At one stage the market had dipped below the psychologically important 5,000 mark before staging a minor recovery from early morning lows.
A hangover from yesterday’s negative outlook from rating agency S&P and weak economic data, combined with continuing concerns about further writedowns in the international banking sector led to financial stocks in Dublin taking a hammering.
Although they came off their lows in morning trading, banks closed the day firmly in the red. Irish Life & Permanent was again the hardest hit, trading down 15 per cent at one stage during the day before eventually closing the day 5.8 per cent weaker at €6.225. AIB dropped 3 per cent to €9.50, while Bank of Ireland saw 2.23 per cent knocked off its share price to €5.40. Anglo Irish Bank shed 13 cents, a fall of more than 2 per cent, to €5.82.

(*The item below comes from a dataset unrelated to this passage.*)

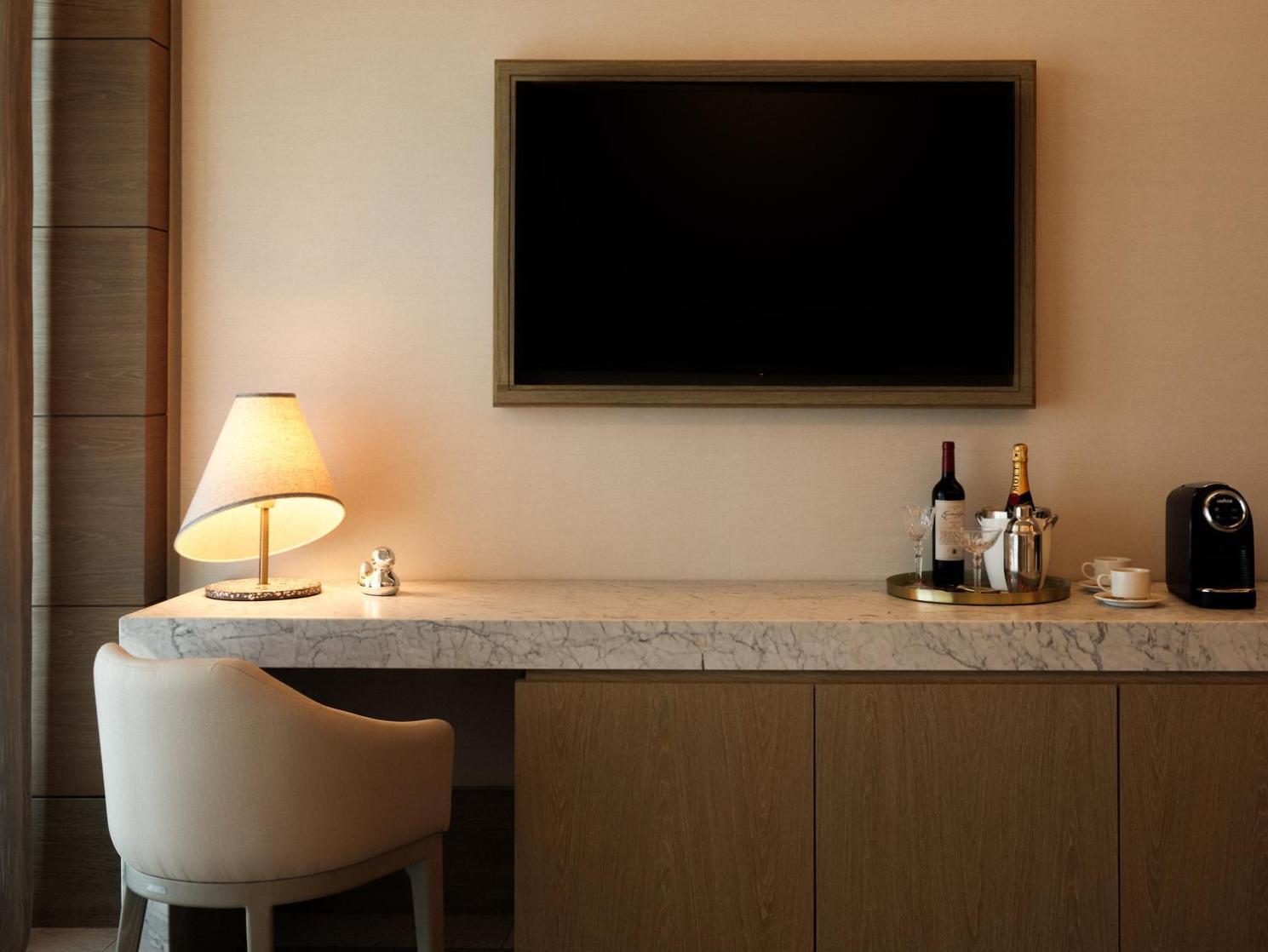 SLS Elite Rooftop Queen Room Two Queen Beds Ocean View,1610282074:JPEG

Construction heavyweight CRH was also under pressure throughout the day, with investors nervous ahead of its interim trading statement tomorrow particularly after Credit Suisse cut its price target on the stock and advised investors to avoid European building materials stocks for the next 12 months. The company saw 7.4 per cent knocked off the value of its share price as it shed €1.39 to €17.31.
Among the few positives on the day were Dragon Oil and Elan. Dragon surged more than 5 per cent as it added on 29 cents to €6, while Elan advanced 25 cents to €22.35.
Elsewhere, European stocks fell, extending the Dow Jones Stoxx 600 Index's worst first-half performance since at least 1987, as higher oil prices and reports on housing and manufacturing suggested the global economy will slow.
National benchmark indexes fell in all of the 18 western European markets. The UK’s FTSE 100 sank 2.6 percent, and France’s CAC 40 lost 2.1 percent. Germany’s DAX slid 1.6 percent.